▶ [PROMPT]: Begin at the line where "James Avery Retired" appears and reproduce exactly every line through the end of the data below, both included, skipping pictures.

▶ [RECORDS SUPPLIED]:
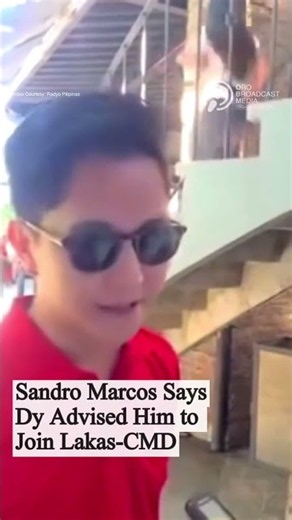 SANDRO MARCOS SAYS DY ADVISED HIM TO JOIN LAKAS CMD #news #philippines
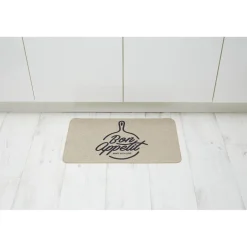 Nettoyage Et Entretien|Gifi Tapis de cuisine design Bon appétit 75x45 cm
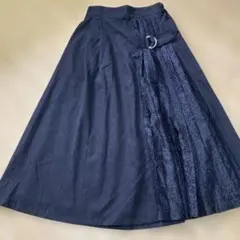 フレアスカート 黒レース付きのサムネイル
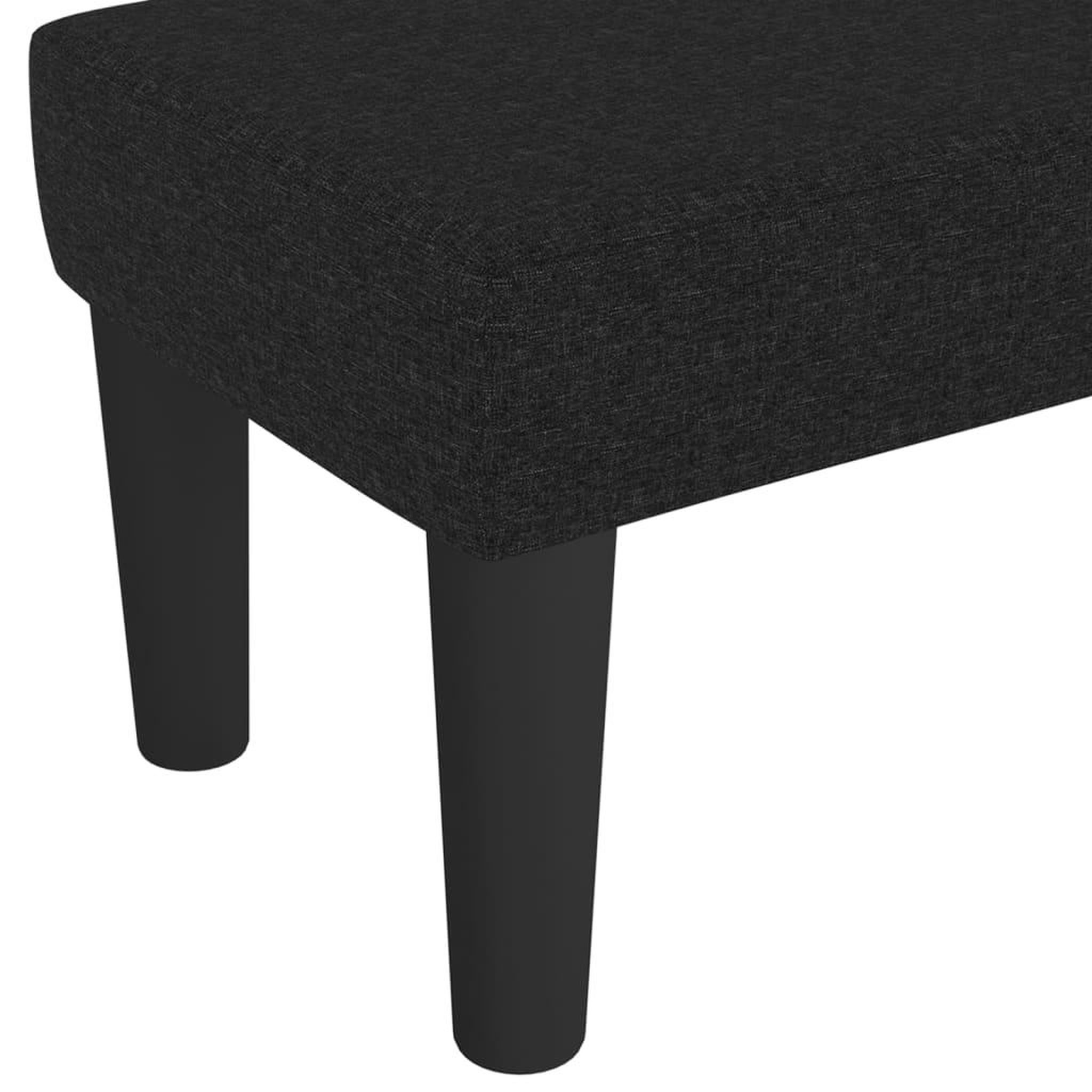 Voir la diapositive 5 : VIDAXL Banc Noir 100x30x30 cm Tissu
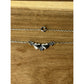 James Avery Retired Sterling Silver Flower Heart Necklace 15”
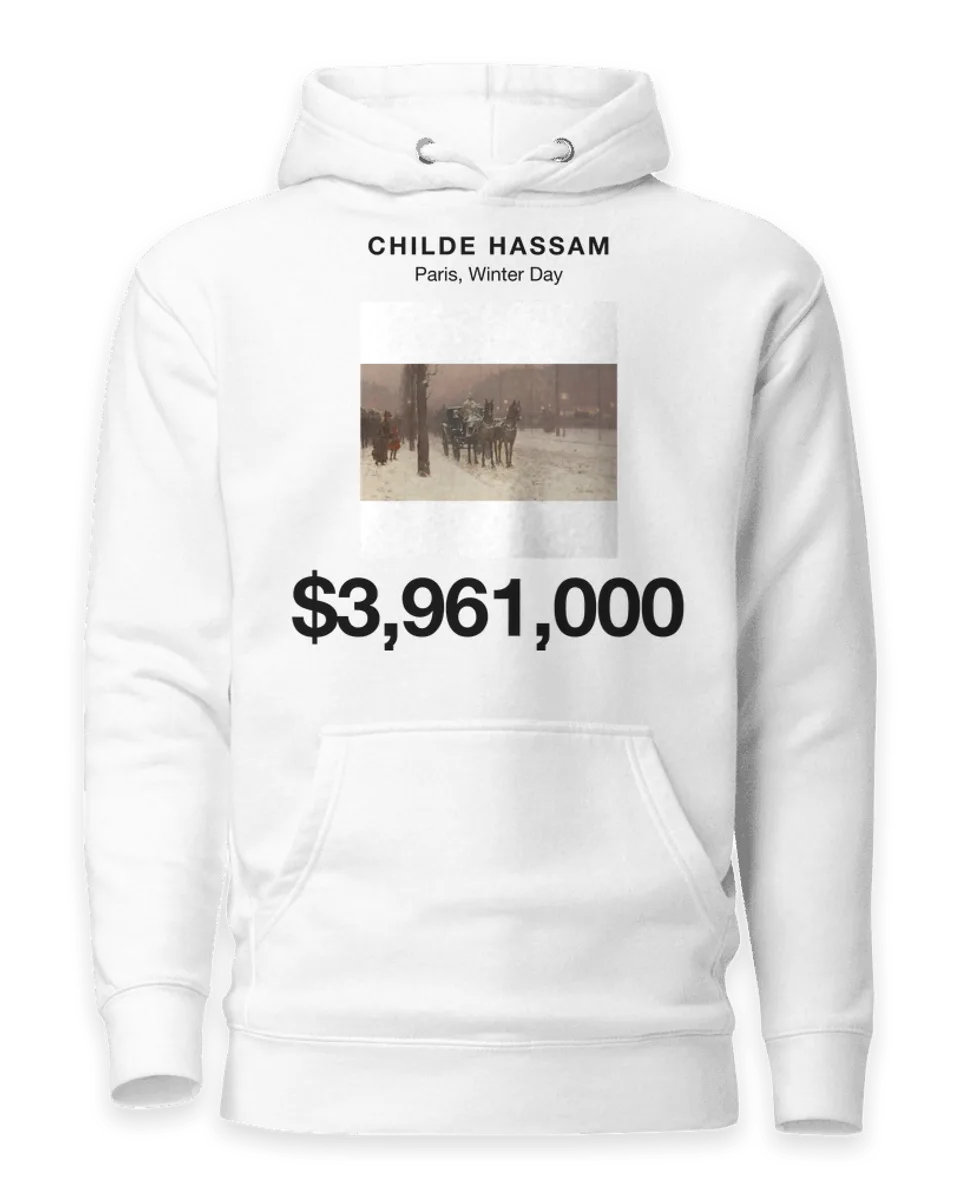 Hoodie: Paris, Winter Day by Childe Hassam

▶ [RESPONSE AREA]:
 James Avery Retired Sterling Silver Flower Heart Necklace 15”
 Hoodie: Paris, Winter Day by Childe Hassam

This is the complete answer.